Animal testing performed for non-EU regulatory purposes resulted in a positive guinea pig maximisation test.
This class of substances are typically classified as sensitisers from in-vivo testing and it is considered that the substance under review will also absorb through the skin. Older testing done by non-maximised methods such as the Buehler method (ie topical application only) failed to give positive responses and this may be in part due to due to low levels of dermal penetration. However, results of testing by maximised methods (Magnusson and Kligman) where the substance is injected are more likely to have positive responses; these methods still rely on topical challenge so some dermal absorption is still necessary.
It is also noted that many older in-vivo assessments failed to see weak reactions due to local skin discolouration from dermal application of the dyes on tested animals.
Details on distribution in tissues:
Minor changes were seen in some animals following repeated dosing, but these were very likely adaptive changes or non-treatment related background variations. The kidneys showed minor colour change and urine was discolored.
Transfer into organs
Test no.:
Transfer type:
other: Kidneys
distinct transfer
Discolouration of kidneys
Details on excretion:
The substance, or similar-coloured metabolite will be excreted in urine and will pass through the kidneys. In the acute oral study, the discolouration lasted 5 days after treatment
From oral testing, most material seems to pass through and quickly excreted in feaces.

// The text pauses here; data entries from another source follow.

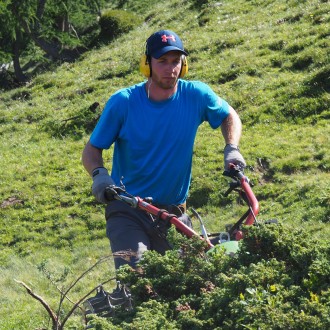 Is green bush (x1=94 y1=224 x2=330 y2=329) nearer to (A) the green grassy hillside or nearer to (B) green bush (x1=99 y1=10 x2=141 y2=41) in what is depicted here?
(A) the green grassy hillside

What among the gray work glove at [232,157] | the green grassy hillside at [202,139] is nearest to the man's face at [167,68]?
the gray work glove at [232,157]

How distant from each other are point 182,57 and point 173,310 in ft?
9.07

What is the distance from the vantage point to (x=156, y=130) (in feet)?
20.1

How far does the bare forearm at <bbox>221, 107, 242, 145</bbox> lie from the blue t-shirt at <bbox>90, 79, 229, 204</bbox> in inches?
5.2

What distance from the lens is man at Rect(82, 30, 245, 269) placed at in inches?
237

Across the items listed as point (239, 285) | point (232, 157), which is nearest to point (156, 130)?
point (232, 157)

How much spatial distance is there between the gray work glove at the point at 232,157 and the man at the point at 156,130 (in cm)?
9

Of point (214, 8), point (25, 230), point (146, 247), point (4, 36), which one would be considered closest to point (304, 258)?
point (146, 247)

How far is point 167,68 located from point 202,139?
8997 mm

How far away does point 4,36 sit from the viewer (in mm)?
31750

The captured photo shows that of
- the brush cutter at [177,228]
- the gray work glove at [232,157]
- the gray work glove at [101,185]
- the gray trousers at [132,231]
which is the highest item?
the gray work glove at [232,157]

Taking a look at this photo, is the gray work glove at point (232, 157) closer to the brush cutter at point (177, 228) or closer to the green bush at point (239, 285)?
the brush cutter at point (177, 228)

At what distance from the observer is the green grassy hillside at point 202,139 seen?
11195 mm

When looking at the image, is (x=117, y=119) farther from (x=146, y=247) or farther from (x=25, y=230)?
(x=25, y=230) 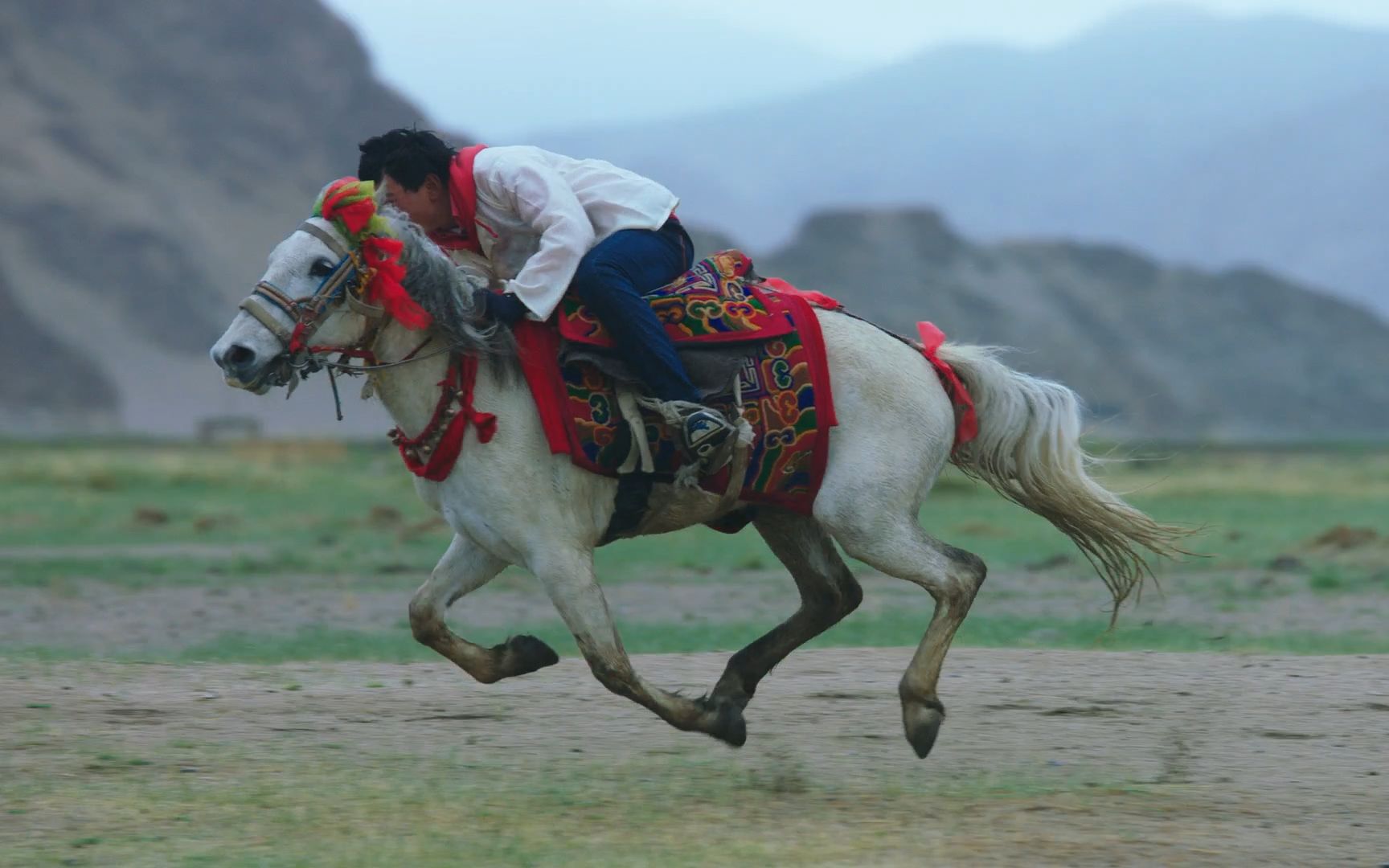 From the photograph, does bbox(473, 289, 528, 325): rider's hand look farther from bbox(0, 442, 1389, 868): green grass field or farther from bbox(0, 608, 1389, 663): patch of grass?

Metabolite characterisation studies

Metabolites identified:
Details on metabolites:
None found.
Evidence from biodegradation testing and effect or S-9 activation suggests little if any metabolic degradation.

Any other information on results incl. tables





Acute oral tox

> 2000 mg/kg

No adverse effects. 

Red / orange urine and faeces for up to 5 days post treatment.

Some skin and mucous membrane discolouration, but may be from indirect contact with urine/faeces.

Discoloured kidneys.


Acute dermal tox

> 2000 mg/kg

No direct testing but assessment based on similar substances indicate no adverse effects

Skin discolouration noted, persisting for the duration of observations in some cases.

Grooming may have led to oral exposure in some cases

No direct evidence of absorption.


Skin irritation

Not classified

In-vivo testing performed for non-EU regulatory processes; no significant effects


Eye irritation

Not classified

In-vivo testing performed for non-EU regulatory processes; no significant effects

Slight discolouration of iris quickly resolved


Skin sensitisation


In-vivo testing performed for non-EU regulatory processes; maximised Guinea pig study positive.

Some dermal absorption is assumed.


In-vitro mutagenicity


Tests on bacterial and mammalian cells were conducted at up to the maximum recommended concentrations with no evidence of cyto-toxicity or mutagenic potential.

The present of S-9 metabolic fraction had no impact on the findings; this does not mean that there is no metabolic process, but that any direct metabolites are similarly non-biologically active.

Sub-acute toxicity

NOAEL 100 mg/kg/day

The NOAEL is based on maximum dose level of 1000 mg/kg/day.

Red / orange staining of urine and discoloured kidneys is evidence of absorption, distribution and excretion.


No significant biodegradation

This endpoint can indicate aerobic metabolic processes by eukaryotic cells. The absence of apparent effects suggest that there could be a low rate of metabolism, and it is probably that excretion in urine is the main route of elimination.



Applicant's summary and conclusion

• The substance has low toxicity with no specific target organ identified. Lithium is known to have neurological effects at relatively high concentrations, but at levels far greater than any accidental ingestion of the substance.
• There is evidence of oral and dermal absorption, but also significant faecal excretion suggesting relatively low rates of oral absorption
• The substance, or similar-coloured metabolite will be excreted in urine and will pass through the kidneys
• Evidence from biodegradation testing and effect or S-9 activation suggests little if any metabolic degradation.
• Lithium and sodium ions are readily absorbed by ingestion and will be distributed in blood; as part of the natural ionic balance, excess sodium and lithium are excreted.